What are Incoterms and what are they used for?
International Commercial Terms or Incoterms as they are more commonly known as are rules that govern international trade. First coined in 1936 by the International Chamber of Commerce (ICC) these terms clearly define the risk, cost and responsibility for both the buyer and seller during the transportation of the cargo from the exporter to the importer. These universally recognised terms are also used internationally to settle trade disputes between sellers and buyers. Having being revised since it was first launched, the latest version that buyers and sellers currently refer to is the 8th version which was released on January 1st, 2011. Originally designated ‘Incoterms 2010′ the revised rules have brought about a reduction in the number of terms from 13 to 11.
What are Incoterms not used for?
Incoterms do not:
- Form a contract
- Repudiate the law governing the contract
- Define where title transfers nor
- Address the price payable, currency or credit terms.
Outlining the 11 Incoterms
The Incoterms are currently classified into two groups:
Terms for any transport mode:
- EXW – Ex Works (named place of delivery) - The sole responsibility of the seller is to make the goods available at the seller’s premises. Full cost and risk of moving goods from there to the destination is the buyer’s responsibility.
- FCA – Free Carrier (named place of delivery) - The seller has to deliver the goods which have been cleared for export to the carrier stipulated by the buyer or another party authorised to pick up goods. From that point, buyer assumes all the costs and risk associated with moving the goods to the destination.
- CPT – Carriage Paid to (named place of destination) - Seller has to pay for moving the export cleared goods to the carrier stipulated by the buyer. After the goods are transferred to the first carrier, the risk of loss or damage becomes the responsibility of the buyer.
- CIP – Carriage and Insurace Paid to (named place of destination) - Similar to the CPT the seller has to bear the cost of transporting the export cleared goods to the carrier stipulated by the buyer. The risk of damage or loss post the transfer of goods to the first carrier is then assumed by the buyer. The only difference here is that the seller has to also procure minimum insurance coverage.
- DAT – Delivered at Terminal (named terminal at port or place of destination) - Seller has to clear the goods for export and bear all the risks and cost associated with delivering and unloading them at a named terminal at the named port or place of destination. Clearing cost and risks from this point onwards including clearing the goods for import is the responsibility of the buyer.
- DAP – Delivered at Place (named place of destination) - Seller is expected to assume the cost and risk associated with delivering the goods ready to be unloaded at a stipulated destination. All the risks and cost tied up with unloading the goods and clearing the customs to import the goods at the named country of destination is the buyer’s responsibility.

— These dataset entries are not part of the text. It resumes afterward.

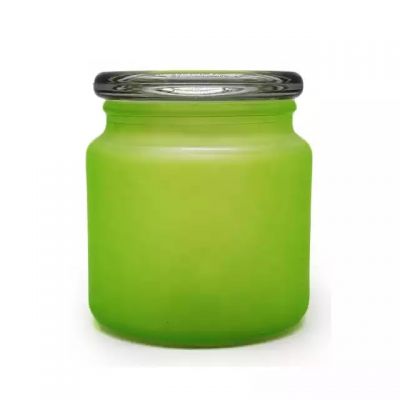 Factory wholesale customize colored frosted glass candle jars with glass lids for home decoration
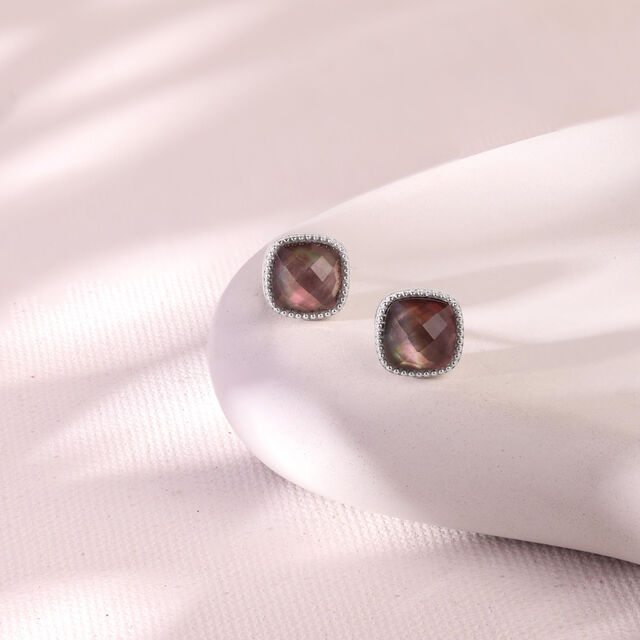 Mystic Glow Quartz Silver Stud Earrings,,hi-res image number null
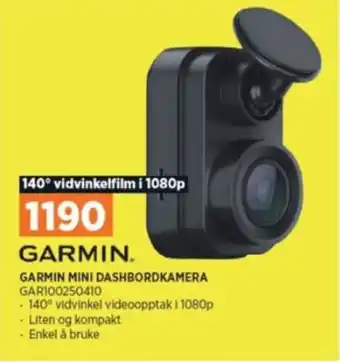 POWER GARMIN MINI DASHBORDKAMERA GAR100250410 tilbud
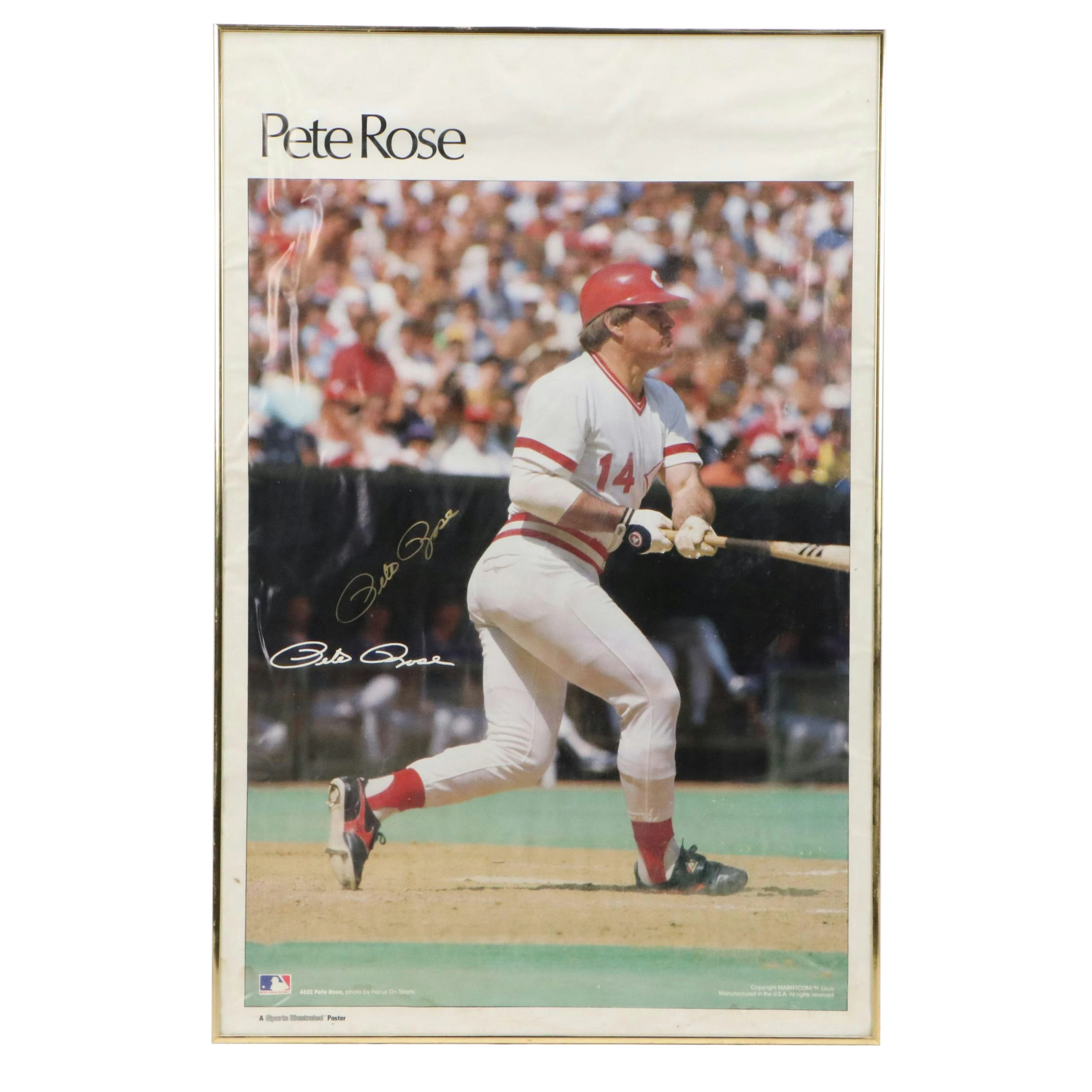 Pete Rose Signed Framed Cincinnati Reds Baseball Poster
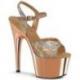 Chaussure pole exotic rose gold talon 18 cm Pleaser ADO709HM/RGDMPU/ROCH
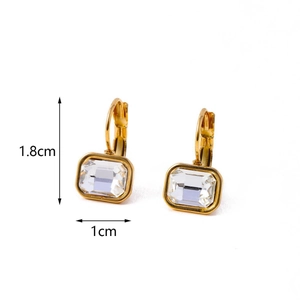 Elegant gold earrings with square zircon crystals, height 1.8cm and width 1cm, white background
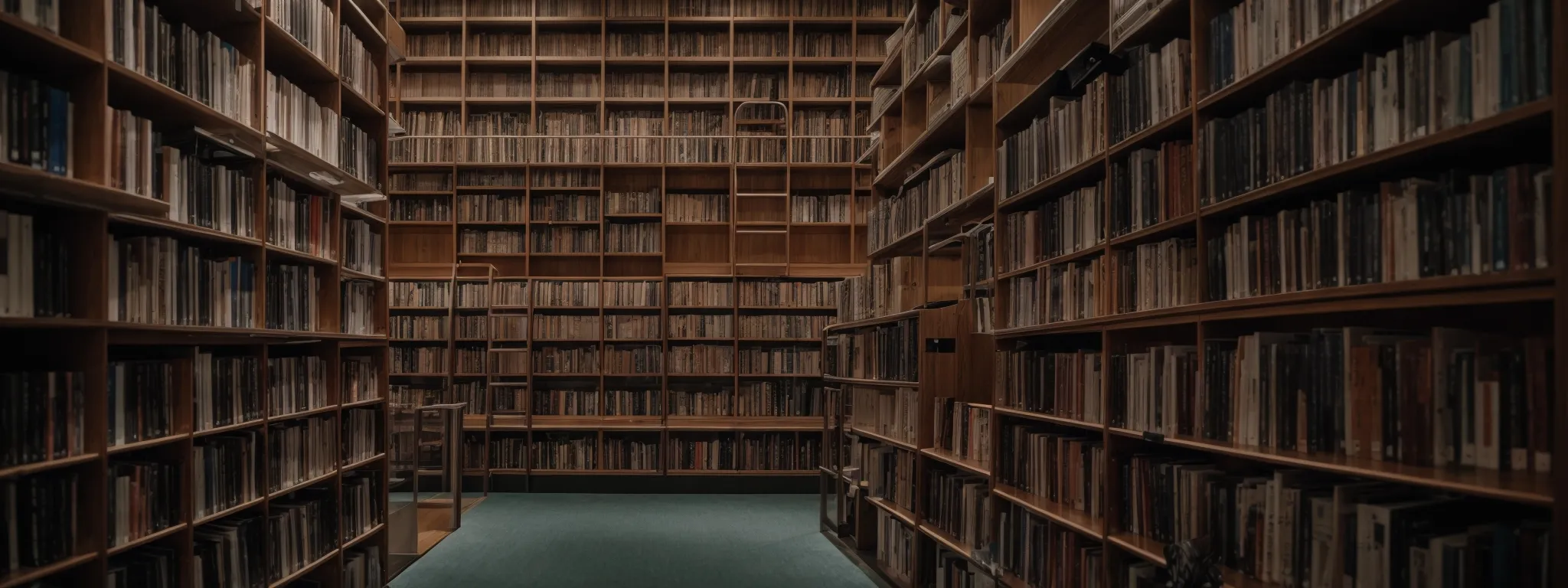 a neatly structured library with books aligned in categorized shelves, embodying organized information.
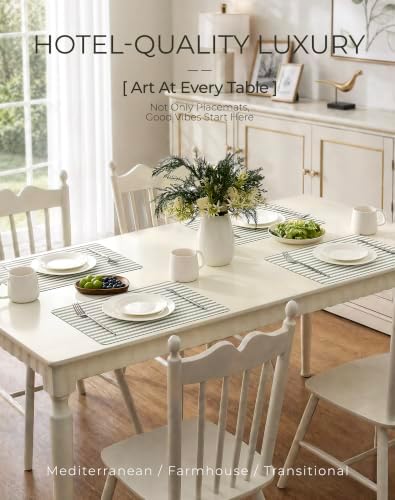 Striped Leather Placemats Set of 6, Khaki, Faux Leather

- DDP – Delivered Duty Paid (named place) - Risk and cost connected with delivering the goods to the named place of destination ready for unloading and cleared for imports is the responsibility of the seller.
Terms for Maritime only:
- FAS – Free Alongside Ship (named port of shipment) - The seller only has to deliver the goods to the origin port. Buyer bears all costs and risks of loss or damage from that point.
- FOB – Free on Board (named port of shipment) - Delivery of goods on board the ship and clearing the goods for export is the onus of the seller. Post that, the buyer assumes all costs and risks of loss or damage.
- CFR – Cost and freight (named port of destination) - Seller has to clear the goods for export as well as bear the costs of moving the goods to the destination. Buyer bears all risks for goods from the time the goods have been delivered on board the vessel at the port of shipment.
- CIF – Cost Insurance and Fright (named port of destination) - Here again, the seller is expected to clear the goods for export and pay the cost of moving the goods to the destination. Post that, the buyer has to bear all risks of loss or damage and the cost associated with unloading the goods and clearing them for import. The seller, however, has to purchase the cargo insurance.